お払い箱を夢見て

”大丈夫,あなたはそんなに偉くない” といっても、納得しない人も多いかもしれない。誰しも自分が偉いと思いたい。では、誇り高き人向けにお話しよう。

あなたに強固な自尊心があるのなら、自分が失われることは,大切な自分の家族,友人,仲間にとって、最大の危機だと思うだろう。だったら、その最大の危機に備えるのが、大切な自分の仲間に対する配慮であり,そういう配慮をすれば,ますますあなたは尊敬の眼差しで見られるだろう.

自分が失われること.それは死かも知れないし、悪態をついての辞職かもしれないし,解雇かもしれないし,逮捕かもしれないし,病気や事故による身体障害ゆえの離脱かもしれない。いずれにせよ,自尊心の有無に関わりなく,誰にでも降りかかってくる運命だ.

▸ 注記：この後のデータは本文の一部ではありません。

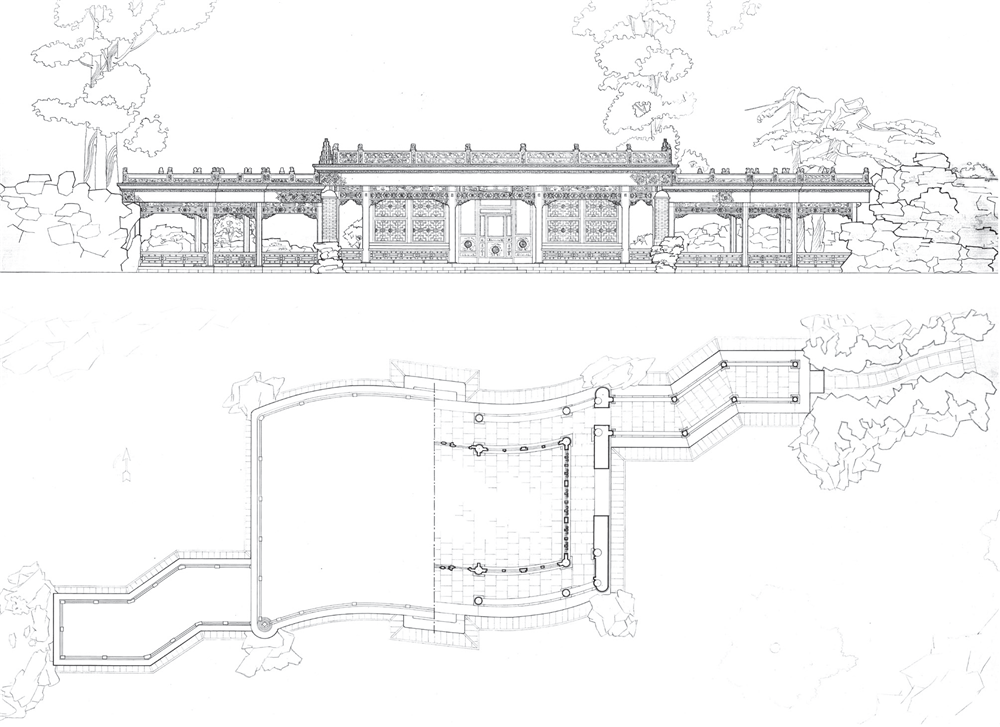 1957年颐和园福荫轩测绘图 1957年颐和园福荫轩测绘图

自分がいなくてはやっていけないと思い込み,どんどん仕事を引き受け,あの人がいなくなったらどうしようという懸念を放置しておくのは,利己主義ゆえに自分への依存症を助長させているだけに過ぎない.

自分がいなかったらどうなると心配するのなら、自分がいつお払い箱になってもいいようにと、周到に準備をしておくのが、自己の尊厳を大切にする人間に相応しい危機管理のやり方だ。自分のバックアップが完璧に出来上がるだけで満足せず、そのバックアップがさらに成長し,自分を踏み越えていくのを見届けられる人だけが,指導者,教育者と呼ばれ,つひにはお払い箱の名誉を受けるに相応しい.

今からでも遅くはない.自分がお払い箱になるように,準備に取り掛かるがよかろう.もしあなたに自尊心というものがあるのなら.